- Supplied material
===============
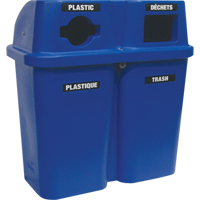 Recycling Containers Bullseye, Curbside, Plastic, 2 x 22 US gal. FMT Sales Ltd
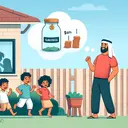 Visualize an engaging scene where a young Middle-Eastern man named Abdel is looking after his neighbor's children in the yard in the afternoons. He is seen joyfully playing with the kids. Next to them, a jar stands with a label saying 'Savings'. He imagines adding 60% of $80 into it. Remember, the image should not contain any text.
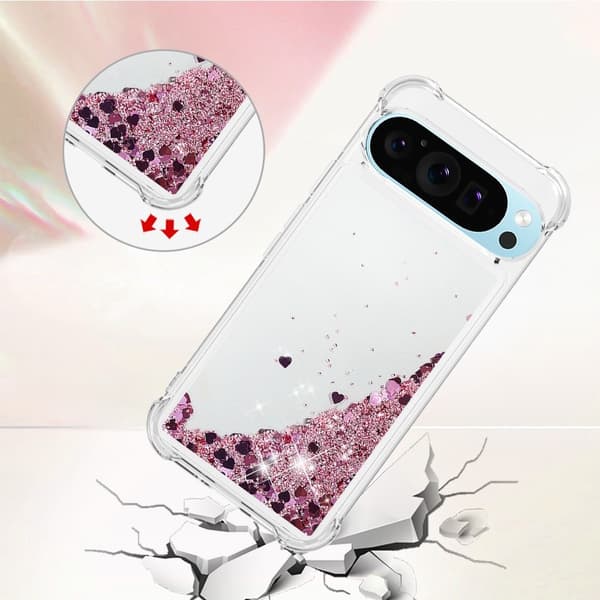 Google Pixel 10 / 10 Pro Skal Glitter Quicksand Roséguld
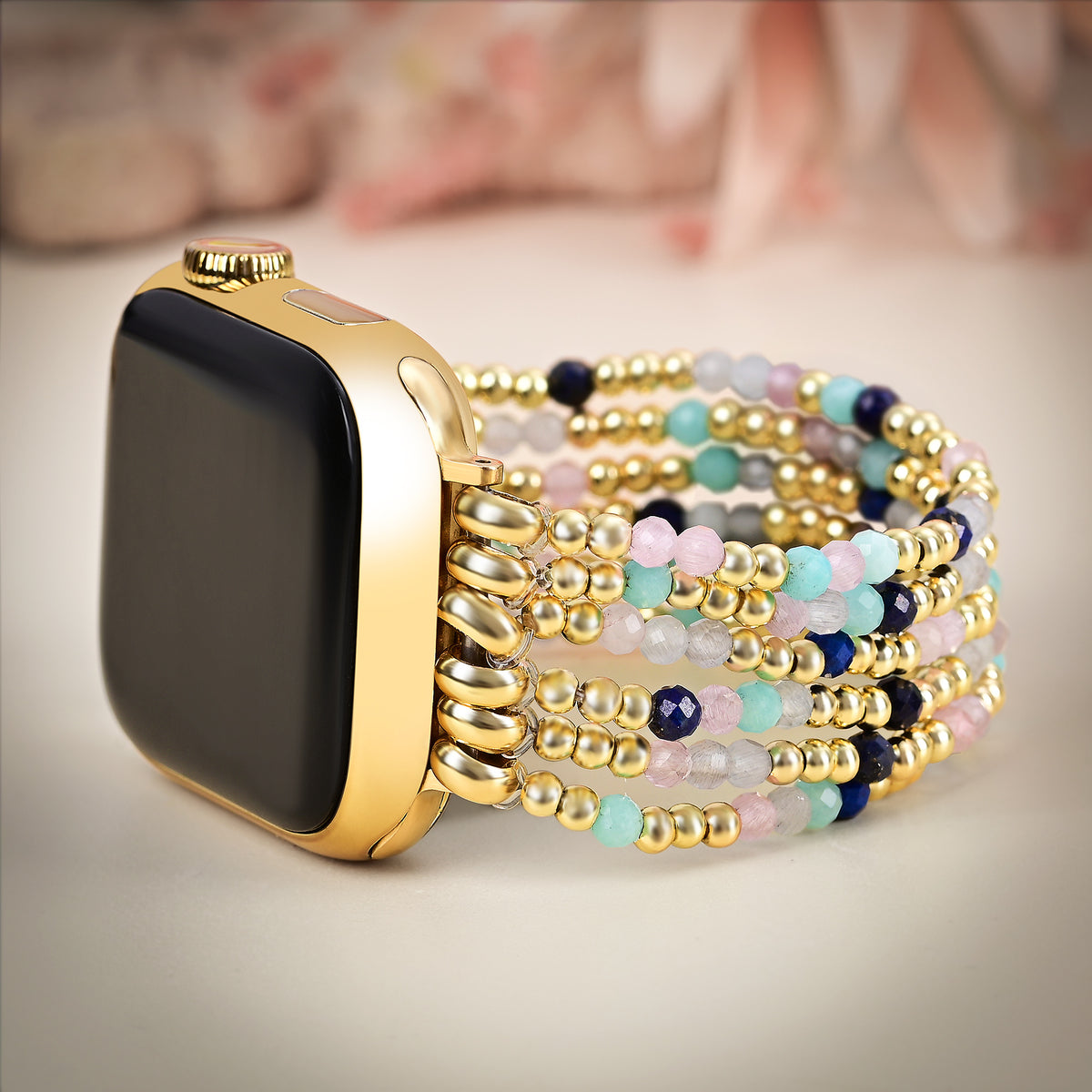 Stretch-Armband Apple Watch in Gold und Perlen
===============
Every line of the listing should be copied precisely, with images omitted.

 Recycling Containers Bullseye, Curbside, Plastic, 2 x 22 US gal. FMT Sales Ltd
 Visualize an engaging scene where a young Middle-Eastern man named Abdel is looking after his neighbor's children in the yard in the afternoons. He is seen joyfully playing with the kids. Next to them, a jar stands with a label saying 'Savings'. He imagines adding 60% of $80 into it. Remember, the image should not contain any text.
 Google Pixel 10 / 10 Pro Skal Glitter Quicksand Roséguld
 Stretch-Armband Apple Watch in Gold und Perlen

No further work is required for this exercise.